### EXERCISE BRIEF
Look for "A group of seniors" in the entries below. Write out that line and all later lines exactly, ending with the final one.

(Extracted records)
»»

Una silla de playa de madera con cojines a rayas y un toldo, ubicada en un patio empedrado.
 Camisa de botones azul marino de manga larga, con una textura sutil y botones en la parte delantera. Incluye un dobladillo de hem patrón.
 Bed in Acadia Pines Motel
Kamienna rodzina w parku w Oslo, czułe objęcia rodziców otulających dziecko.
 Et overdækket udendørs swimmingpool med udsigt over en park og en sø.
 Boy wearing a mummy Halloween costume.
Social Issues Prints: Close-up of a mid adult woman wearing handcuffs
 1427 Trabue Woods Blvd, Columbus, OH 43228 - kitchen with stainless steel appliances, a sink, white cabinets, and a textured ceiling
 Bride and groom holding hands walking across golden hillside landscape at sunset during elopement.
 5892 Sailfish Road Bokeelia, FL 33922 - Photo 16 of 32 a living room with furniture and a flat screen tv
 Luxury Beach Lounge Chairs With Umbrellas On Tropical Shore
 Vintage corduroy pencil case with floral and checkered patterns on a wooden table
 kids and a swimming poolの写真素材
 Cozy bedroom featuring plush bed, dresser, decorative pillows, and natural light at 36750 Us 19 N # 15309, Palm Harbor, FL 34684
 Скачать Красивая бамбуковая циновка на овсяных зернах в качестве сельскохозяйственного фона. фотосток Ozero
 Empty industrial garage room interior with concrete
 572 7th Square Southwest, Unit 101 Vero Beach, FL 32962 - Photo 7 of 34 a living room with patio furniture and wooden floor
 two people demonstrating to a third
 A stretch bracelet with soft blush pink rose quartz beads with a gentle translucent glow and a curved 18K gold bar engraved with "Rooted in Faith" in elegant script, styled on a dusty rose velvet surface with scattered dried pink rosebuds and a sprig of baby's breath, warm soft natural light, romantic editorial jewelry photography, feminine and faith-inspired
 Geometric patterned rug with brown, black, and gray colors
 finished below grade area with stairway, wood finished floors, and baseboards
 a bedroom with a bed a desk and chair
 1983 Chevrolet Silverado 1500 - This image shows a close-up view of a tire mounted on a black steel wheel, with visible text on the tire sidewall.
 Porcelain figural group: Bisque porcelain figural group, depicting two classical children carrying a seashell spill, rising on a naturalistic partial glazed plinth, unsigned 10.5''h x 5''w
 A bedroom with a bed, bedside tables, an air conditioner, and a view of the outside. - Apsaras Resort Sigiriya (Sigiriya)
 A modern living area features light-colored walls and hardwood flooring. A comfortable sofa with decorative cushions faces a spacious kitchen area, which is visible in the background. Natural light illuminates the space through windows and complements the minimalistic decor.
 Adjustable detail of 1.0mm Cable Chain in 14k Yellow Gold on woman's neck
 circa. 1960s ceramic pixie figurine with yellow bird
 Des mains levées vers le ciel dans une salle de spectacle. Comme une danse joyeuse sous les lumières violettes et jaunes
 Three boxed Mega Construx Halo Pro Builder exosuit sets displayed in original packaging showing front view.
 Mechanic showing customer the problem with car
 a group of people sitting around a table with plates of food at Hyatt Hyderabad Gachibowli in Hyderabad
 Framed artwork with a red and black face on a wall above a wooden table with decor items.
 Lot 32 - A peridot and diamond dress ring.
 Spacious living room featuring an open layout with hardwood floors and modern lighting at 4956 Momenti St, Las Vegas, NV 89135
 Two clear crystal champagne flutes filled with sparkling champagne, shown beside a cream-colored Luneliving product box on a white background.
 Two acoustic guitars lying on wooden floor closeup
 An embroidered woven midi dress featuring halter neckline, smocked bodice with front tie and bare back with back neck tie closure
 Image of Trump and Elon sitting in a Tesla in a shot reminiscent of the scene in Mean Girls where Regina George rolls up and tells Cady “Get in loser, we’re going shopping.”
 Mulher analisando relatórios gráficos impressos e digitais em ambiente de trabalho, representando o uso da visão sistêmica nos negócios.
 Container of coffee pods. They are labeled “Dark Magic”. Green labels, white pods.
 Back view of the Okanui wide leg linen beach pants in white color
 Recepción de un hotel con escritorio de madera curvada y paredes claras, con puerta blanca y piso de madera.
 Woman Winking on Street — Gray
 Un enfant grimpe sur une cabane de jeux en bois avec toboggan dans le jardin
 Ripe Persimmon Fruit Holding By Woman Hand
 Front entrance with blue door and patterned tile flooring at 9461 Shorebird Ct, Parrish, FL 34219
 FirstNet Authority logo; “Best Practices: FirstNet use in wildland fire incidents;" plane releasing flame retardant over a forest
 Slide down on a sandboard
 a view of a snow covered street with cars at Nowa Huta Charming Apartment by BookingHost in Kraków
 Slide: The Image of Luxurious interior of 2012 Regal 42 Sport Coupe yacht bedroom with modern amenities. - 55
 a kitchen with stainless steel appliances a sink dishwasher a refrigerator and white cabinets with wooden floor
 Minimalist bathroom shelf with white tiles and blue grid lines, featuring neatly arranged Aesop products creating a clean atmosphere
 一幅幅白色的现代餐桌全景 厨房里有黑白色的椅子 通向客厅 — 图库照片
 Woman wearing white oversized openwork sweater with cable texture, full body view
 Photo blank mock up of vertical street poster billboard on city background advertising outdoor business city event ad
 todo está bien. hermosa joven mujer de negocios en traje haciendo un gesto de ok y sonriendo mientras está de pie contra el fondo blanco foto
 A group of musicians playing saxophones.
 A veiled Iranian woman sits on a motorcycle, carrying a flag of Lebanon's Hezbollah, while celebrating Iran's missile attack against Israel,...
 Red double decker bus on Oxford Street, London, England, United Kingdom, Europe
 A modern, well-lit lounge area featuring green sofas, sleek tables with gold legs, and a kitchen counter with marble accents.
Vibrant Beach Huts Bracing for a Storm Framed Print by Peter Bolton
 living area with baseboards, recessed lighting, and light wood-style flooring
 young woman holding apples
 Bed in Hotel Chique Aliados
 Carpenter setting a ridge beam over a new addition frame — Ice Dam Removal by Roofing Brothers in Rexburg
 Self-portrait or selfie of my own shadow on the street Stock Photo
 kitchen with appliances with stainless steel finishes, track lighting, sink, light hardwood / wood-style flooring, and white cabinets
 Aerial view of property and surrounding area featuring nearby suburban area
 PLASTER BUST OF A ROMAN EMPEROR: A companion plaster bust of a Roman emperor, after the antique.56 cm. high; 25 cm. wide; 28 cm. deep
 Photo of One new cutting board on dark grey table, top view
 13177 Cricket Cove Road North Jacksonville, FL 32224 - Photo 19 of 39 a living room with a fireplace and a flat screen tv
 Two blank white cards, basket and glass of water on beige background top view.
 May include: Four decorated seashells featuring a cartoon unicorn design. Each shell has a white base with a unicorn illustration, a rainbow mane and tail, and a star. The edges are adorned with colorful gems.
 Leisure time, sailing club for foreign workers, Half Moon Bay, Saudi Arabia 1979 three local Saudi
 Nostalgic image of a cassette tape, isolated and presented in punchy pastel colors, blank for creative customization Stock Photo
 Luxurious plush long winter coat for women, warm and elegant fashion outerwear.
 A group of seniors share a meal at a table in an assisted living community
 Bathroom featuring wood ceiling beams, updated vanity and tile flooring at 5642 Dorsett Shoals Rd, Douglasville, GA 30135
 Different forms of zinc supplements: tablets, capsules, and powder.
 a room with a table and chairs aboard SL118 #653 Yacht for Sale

««

### REPLY
 A group of seniors share a meal at a table in an assisted living community
 Bathroom featuring wood ceiling beams, updated vanity and tile flooring at 5642 Dorsett Shoals Rd, Douglasville, GA 30135
 Different forms of zinc supplements: tablets, capsules, and powder.
 a room with a table and chairs aboard SL118 #653 Yacht for Sale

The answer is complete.